Aun desenvolviéndonos exitosamente en un mundo de autosuficiencia, con probado dominio de nosotros mismos, con capacidades asombrosas, hemos sin embargo de confesarnos –siquiera de vez en cuando– débiles y altriciales. Pretendidamente rocosos, coriáceos, casi invulnerables, un día de tinieblas y tormenta terrible e insoportable nos reconocemos –ay– arcillosos, sin forma definida, incapaces de aguantar y vencidos. Un día tras otro superamos la adversidad, voluntaria y deliberadamente nos sobreponemos a tanto dolor y tristeza, hasta que llega el momento en el que la pena nos arrasa, nos lamina y nos quiebra.

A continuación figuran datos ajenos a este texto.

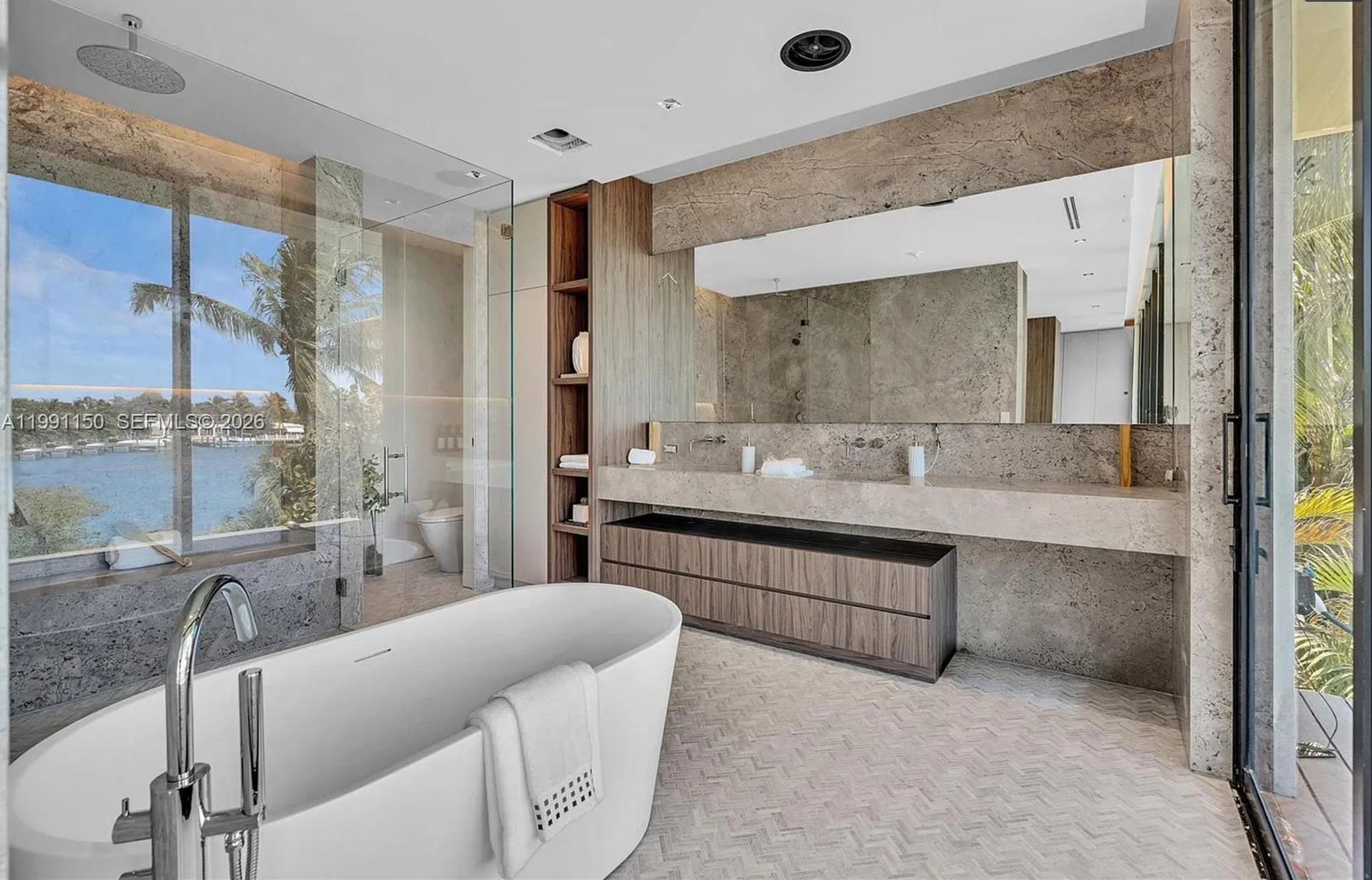 535 N Shore Dr - Gallery image 3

Entonces, casi sin dormir, al alba de un día blanco y helado subimos en coche la serpenteante carretera de un puerto de montaña, con la nieve cayendo sobre los pinos en armas que desafían el horizonte, escuchando a Haydn con el convencimiento de que sólo eso nos puede curar. Cruzamos el sur de España atravesando el ardiente desierto al que condena el fulgor de un sol abrasador con el termómetro rozando los 40 grados mientras el segundo movimiento de la novena de Beethoven suena quirúrgico alcanzando el rincón preciso del alma que necesita ser sanado. ¡¡¡Ooohhh!!!, exclama entonces el menguado yo.
Una curva que epitomiza todo lo que debemos dejar atrás, que representa el mayor de nuestros desvelos y todos ellos a la vez, se aproxima en ese momento y, escuchando los violines en una pieza perfecta de Rameau, la trazamos con seguridad, recuperando la confianza, celebrando de nuevo la intensa certeza del camino elegido con rigor, capaces de nuevo de continuar hacia delante. Y nos acordamos de Cervantes, con enorme gratitud, y paladeamos el retrogusto que con plenitud nos abruma, sabiendo que, mirando al soslayo, fuese y no hubo nada. Nada habrá, nada, somos conscientes porque, sábete querido Sancho, que valió más el camino que la posada. Y ese pensamiento nos ayuda a seguir. La alegría del ciclo de las Variaciones Goldberg, en las que se resume la vida, con principio y fin en sí mismas, son la síntesis de la nuestra en la que el desierto helado o ardiente que nos rodea no es más que atrezzo, tramoya, complemento.
A la música clásica se llega de muchas maneras. Quizás el modo más bonito, el más querido, el más placentero, sea el de la necesidad. No hay mayor satisfacción que encontrar lo que se precisa cuando nos resulta más indispensable. Escuchamos a Mozart que, indiferente al alucinado mundo que le rodeaba, sentado frente al piano, urdiendo una imposible trama matemática, alcanzó momentos de creación auténticamente taumatúrgica. Con gozo efímero, pero suficiente, de una intensidad tal que no hace falta nada más, nos sentimos ungidos con la fuerza necesaria. Sólo esa idea nos saca del pozo de amargura, del desafuero y el horror. Y, llenos de espléndida energía, nos preguntamos ¿qué no podemos hacer? La música, nuestro pasado, el más profundo de nuestros tesoros, nos hace encontrar la perspectiva adecuada, imponiéndonos de los atributos que precisábamos.
Entonces, y solo entonces, recuperamos inmediatamente la paz, la compostura, comprendemos de nuevo que las líneas paralelas pueden llegar a unirse, que tan solo se trata de buscar el punto de fuga. Vibrar íntimos, imperiales, frente al páramo de indescifrable sinsentido que asola todo lo que nos importa, es lo único que podemos hacer. La excelencia como exclusiva opción vital. Es lo que elegimos. Ser mejores.